Crash Consistency
File System Persistence Model
- fs operations often update multiple persistent structures
- create a new file
- inode bitmap: allocate a new inode
- inode table: initialize the new inode, update size for parent directory
- data block: modify parent directory's data block to add the new directory entry
- append to a file
- data bitmap: allocate new blocks, bits changed to 1
- data block: fill with the new data
- inode table: update the file's inode with size, new data block, and other info (e.g. modified time)
- interaction with block cache & inode cache
- for performance reasons, most fs operations only update the cached blocks/inodes
- if kernel provides strong consistency guarantees => make every operation persist synchronously
- every file op is persistent on disk upon returning, write through caches
- super slow! lots of disk writes to bitmaps and inodes
- or let user explicitly request for persistence!
sync
: write/persist all cached dirty blocks to disk
fsync(fd)
: persist all cached changes (metadata & data) of a file to disk
- all other operations can be done purely on cached blocks without disk I/O
- kernel periodically (10-30s) flushes dirty blocks to disk
Crash Consistency
- upon a fsync, we write out changes related to a file
- given a file append, 3 disk writes (inode, data bitmap, data block) are needed to persist the file
- each write is in a different sector
- writes may be re-ordered by the disk (inode may be written prior to data bitmap and vice versa)
- what happens if the computer crash before finishing all the writes?
- what if only the block bitmap is written successfully?
- what if only the file inode is written successfully?
- what if only the data block is written successfuly?
- may result in inconsistent file system... how do we resolve this?
- resolve inconsistency: the file system checker (fsck)
- scans all metadata on the storage device, resolve inconsistency
- done on start up or recovery
- superblock: sanity check, make sure it's not corrupted
- inodes: validate metadata format (could be corrupted from disk conrruption), clear out invalid inodes
- block bitmap: use information from the inodes to build a consistent bitmap
- filesys invariants: inodes shouldn't contain the same data block, directory should have . and .. and so on
- avoid inconsistency: journaling / write-ahead logging (WAL)
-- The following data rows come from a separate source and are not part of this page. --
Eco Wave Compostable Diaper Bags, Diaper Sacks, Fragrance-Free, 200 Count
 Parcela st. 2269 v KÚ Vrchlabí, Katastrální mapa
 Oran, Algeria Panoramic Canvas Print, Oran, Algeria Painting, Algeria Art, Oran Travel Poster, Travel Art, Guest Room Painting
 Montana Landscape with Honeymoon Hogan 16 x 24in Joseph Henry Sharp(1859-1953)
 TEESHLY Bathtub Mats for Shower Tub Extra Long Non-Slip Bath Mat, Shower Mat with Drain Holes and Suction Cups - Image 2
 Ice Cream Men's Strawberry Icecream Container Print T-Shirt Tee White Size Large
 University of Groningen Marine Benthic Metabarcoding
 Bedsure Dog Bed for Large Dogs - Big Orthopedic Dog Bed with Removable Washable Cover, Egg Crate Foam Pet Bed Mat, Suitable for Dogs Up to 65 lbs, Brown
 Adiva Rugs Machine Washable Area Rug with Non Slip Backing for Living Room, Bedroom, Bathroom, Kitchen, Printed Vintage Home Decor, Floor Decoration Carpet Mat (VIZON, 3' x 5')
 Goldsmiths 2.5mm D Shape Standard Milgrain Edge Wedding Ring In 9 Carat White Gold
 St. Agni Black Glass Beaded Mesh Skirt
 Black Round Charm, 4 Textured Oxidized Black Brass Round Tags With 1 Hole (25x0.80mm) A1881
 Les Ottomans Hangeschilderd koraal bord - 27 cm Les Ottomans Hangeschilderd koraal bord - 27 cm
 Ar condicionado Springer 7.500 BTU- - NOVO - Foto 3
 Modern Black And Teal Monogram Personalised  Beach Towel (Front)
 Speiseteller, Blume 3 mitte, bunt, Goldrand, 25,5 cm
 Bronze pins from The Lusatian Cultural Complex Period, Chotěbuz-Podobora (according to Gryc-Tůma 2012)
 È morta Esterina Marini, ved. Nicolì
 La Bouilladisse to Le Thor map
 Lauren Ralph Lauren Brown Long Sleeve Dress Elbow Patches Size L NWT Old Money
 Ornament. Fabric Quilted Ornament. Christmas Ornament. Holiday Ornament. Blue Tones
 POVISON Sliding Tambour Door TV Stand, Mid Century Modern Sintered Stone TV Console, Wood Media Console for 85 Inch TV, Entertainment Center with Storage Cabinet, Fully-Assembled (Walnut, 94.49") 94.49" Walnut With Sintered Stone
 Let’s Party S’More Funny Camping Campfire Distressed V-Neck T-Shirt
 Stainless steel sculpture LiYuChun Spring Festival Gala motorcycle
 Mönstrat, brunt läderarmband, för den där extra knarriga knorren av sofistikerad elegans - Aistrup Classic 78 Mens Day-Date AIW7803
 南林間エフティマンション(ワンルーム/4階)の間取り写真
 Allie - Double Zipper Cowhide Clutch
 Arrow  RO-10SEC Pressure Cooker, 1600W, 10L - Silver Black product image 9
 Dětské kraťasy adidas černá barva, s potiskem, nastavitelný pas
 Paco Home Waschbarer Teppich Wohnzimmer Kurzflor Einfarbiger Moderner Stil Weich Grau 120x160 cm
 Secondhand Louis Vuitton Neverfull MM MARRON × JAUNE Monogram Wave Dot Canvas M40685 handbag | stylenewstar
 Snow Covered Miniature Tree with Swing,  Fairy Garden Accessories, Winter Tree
- the root cause of inconsistency is a mismatch of atomicity
- we would like to persist all updates from an operation as an atomic unit
- but disk only provides page/sector level atomicity
- what if we build an abstraction to group changes to multiple blocks/sectors as one unit?
- transaction
- APIs:
tx_begin
, tx_write(block)
tx_commit
- example:
tx_begin
, tx_write(updated_inode)
, tx_write(updated_bitmap)
, tx_write(updated_data)
tx_commit
- reserve space for log on disk
- instead of applying changes to their actual disk location, record transaction to the log first
- only when the entire transaction is persisted would we actually apply the changes to their locations
- replay the committed transaction from the log on recovery
- why does this approach avoid inconsistency?
- what happens if crash happens while writing the transaction to the log?
- no changes to the actual inode, bitmap and data block
- what happens if crash happens while applying the actual changes?
- transaction must have been committed in the log before we would apply the changes
- on start up, recover by replaying the logged transactions to their actual location
- cost of logging
- for each operation, we now have to write the data twice: once to journal, once to the actual location
- this is called data journaling (writing down both data and metadata)
- fs just cares about consistency of the metadata, so just log the metadata!
- metadata journaling, only writes metadata twice, write data directly to its location
- default ext4 journaling mode (ordered)!